> _What is expected_:
Leaving the pictures aside, write out the whole listing below exactly.

> _Material provided_:
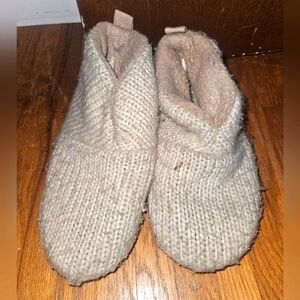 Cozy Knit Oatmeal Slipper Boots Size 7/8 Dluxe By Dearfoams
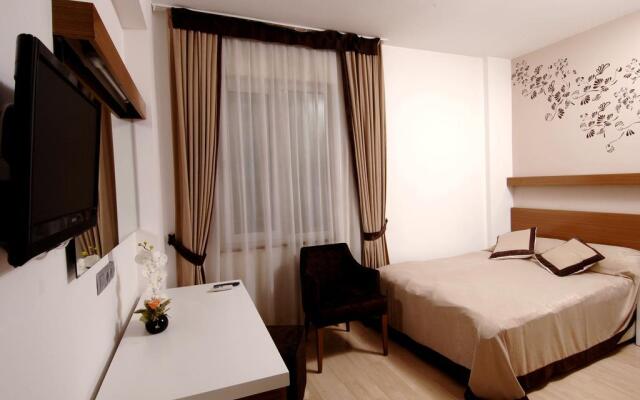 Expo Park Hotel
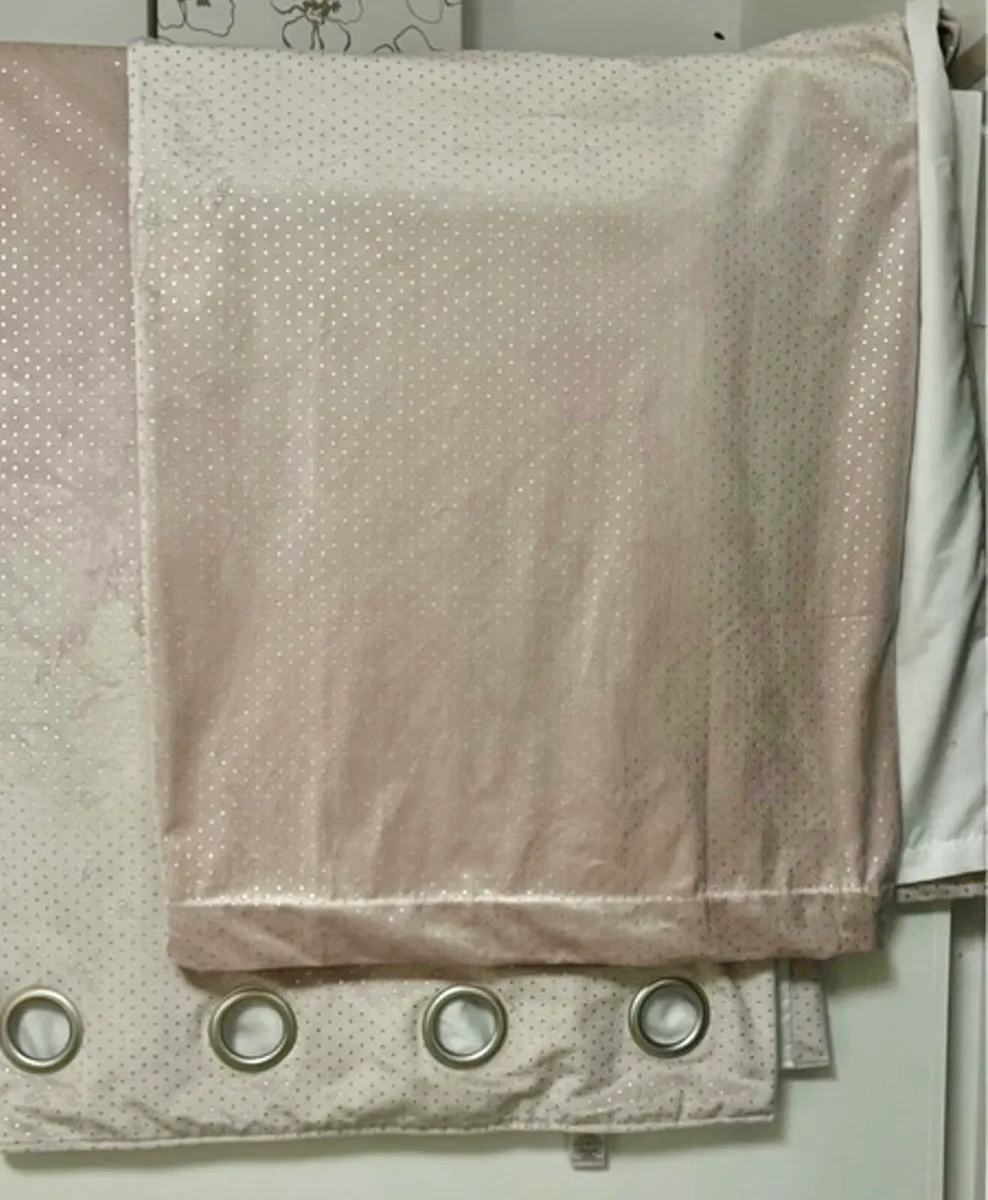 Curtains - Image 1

> _Answer to the problem_:
 Cozy Knit Oatmeal Slipper Boots Size 7/8 Dluxe By Dearfoams
 Expo Park Hotel
 Curtains - Image 1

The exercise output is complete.